_EXERCISE OBJECTIVE_: Please copy, exactly as they appear below, the lines from the one containing "ミエルPro［累進多焦点シニアグラス］UW001-TO(ベッコウ)" through the one containing "AFEEV 電気自動車充電器 Type2".

_DATA EXTRACTS_:
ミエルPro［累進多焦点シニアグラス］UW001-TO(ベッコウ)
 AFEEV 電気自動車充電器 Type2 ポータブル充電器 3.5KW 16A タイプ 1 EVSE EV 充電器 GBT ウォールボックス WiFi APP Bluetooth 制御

--

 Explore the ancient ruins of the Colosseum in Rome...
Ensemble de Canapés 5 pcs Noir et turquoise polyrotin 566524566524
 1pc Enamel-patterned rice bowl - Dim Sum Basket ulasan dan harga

_EXERCISE OUTPUT_:
ミエルPro［累進多焦点シニアグラス］UW001-TO(ベッコウ)
 AFEEV 電気自動車充電器 Type2 ポータブル充電器 3.5KW 16A タイプ 1 EVSE EV 充電器 GBT ウォールボックス WiFi APP Bluetooth 制御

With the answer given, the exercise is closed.